A 2009 poll found 39% agreed that “God created the universe, the earth, the sun, moon, stars, plants, animals and the first two people within the past 10,000 years”.

(By contrast, and more representative of OECD countries, only about half as many Canadians espouse such beliefs.)

Such notions, of course, differ vastly to the findings of modern science, which pegs the age of the earth at 4.56 billion years, and the age of the universe at 13.75 billion years.

While there are numerous experimental methods used to determine geologic ages, the most frequently employed technique is radiometric dating, based on measurements of various radioactive isotopes in rocks.

The phenomenon of radioactivity is rooted in the fundamental laws of physics and follows simple mathematical formulae, taught to all calculus students.

Dating schemes based on rates of radioactivity have been refined and scrutinised over several decades, and the latest high-tech equipment permits reliable results to be obtained even with microscopic rock samples.

Radiometric dating is self-checking, because the data (after certain preliminary calculations are made) are fitted to a straight line (called an isochron) by means of standard linear regression methods of statistics.

The slope of the line determines the age of the rock, and the closeness of fit is a measure of the statistical reliability of this conclusion. The graphic below gives the general idea, and more technical detail can be found here.

Samarium/Neodymium isochron of samples from the Great Dyke, Zimbabwe. Wikimedia Commons

Reliability of radiometric dating

So are radiometric methods foolproof? As with any experimental procedure in any field of science, measurements are subject to certain “glitches” and “anomalies”, as noted in the literature.

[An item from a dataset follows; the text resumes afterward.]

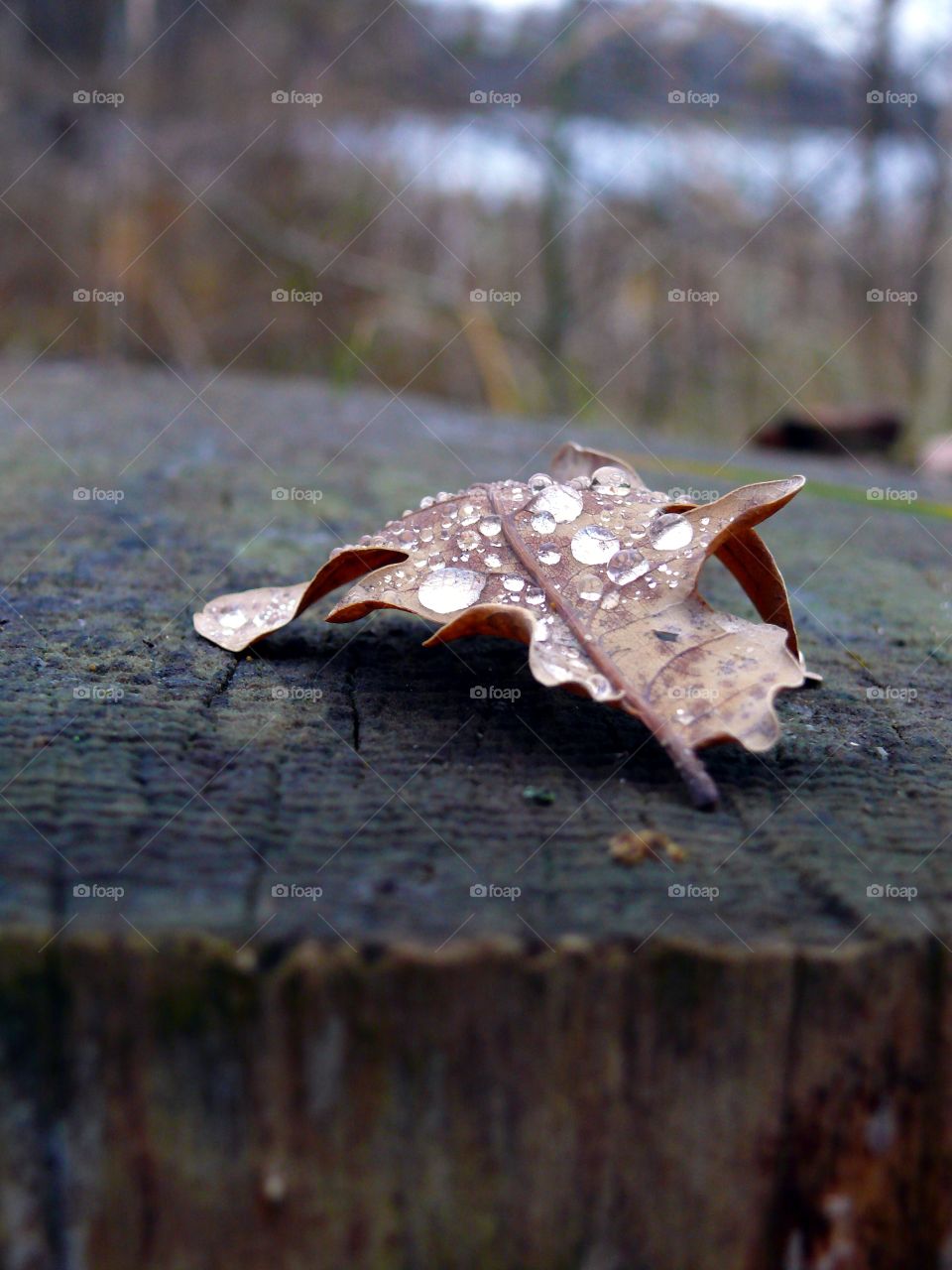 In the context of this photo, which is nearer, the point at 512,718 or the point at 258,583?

The overall reliability of radiometric dating was addressed in some detail in a recent book by Brent Dalrymple, an expert in the field.

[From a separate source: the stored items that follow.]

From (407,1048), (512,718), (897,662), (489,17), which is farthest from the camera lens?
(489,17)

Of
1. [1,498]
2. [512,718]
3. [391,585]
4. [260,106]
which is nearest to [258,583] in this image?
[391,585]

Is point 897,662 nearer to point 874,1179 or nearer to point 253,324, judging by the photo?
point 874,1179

He argues the few instances in which radiometric dating has produced anomalous results “may be due to laboratory errors (mistakes happen), unrecognised geologic factors (nature sometimes fools us), or misapplication of the techniques (no-one’s perfect)”.

Dalrymple also notes scientists do not rely solely on the self-checking nature of radiometric dating to confirm their results. They repeat their measurements to eliminate laboratory error, and wherever possible they apply multiple dating procedures to the same rock sample.

As he notes: “if two or more radiometric clocks based on different elements and running at different rates give the same age, that’s powerful evidence that the ages are probably correct.”

Along this line, the physicist Roger Wiens asks those who are sceptical of radiometric dating to consider that “all of the different dating methods agree … a great majority of the time” that Earth is billions of years old.

The scientific disagreements highlighted by sceptics are “usually close to the margin of error … a few percent, not orders of magnitude!”

Radioactive isotopes and the age of Earth

Until recently, only large scientific laboratories could afford mass spectrometers, the principal tool used to measure dates of rock samples.

But recently the prices of these devices have dropped to levels that even amateur meteorite hunters and others can afford. Used mass spectrometers are currently available at eBay for as little as US$99.

Some people have suggested the most hardcore flat-Earth believers did not give up their fight until they could hold a GPS receiver in their hand that gave their latitude-longitude position.

Will sceptics of old-Earth geology wait until mass spectrometers are in every home before finally conceding that the earth is more than 6,000 years old?

The burden of proof

Radiometric dating, as with any other experimental discipline, is subject to a variety of errors, ranging from human error to rare anomalies resulting from highly unusual natural circumstances. But while errors and anomalies can occur, the burden of proof is not on scientists to fully account for each and every error.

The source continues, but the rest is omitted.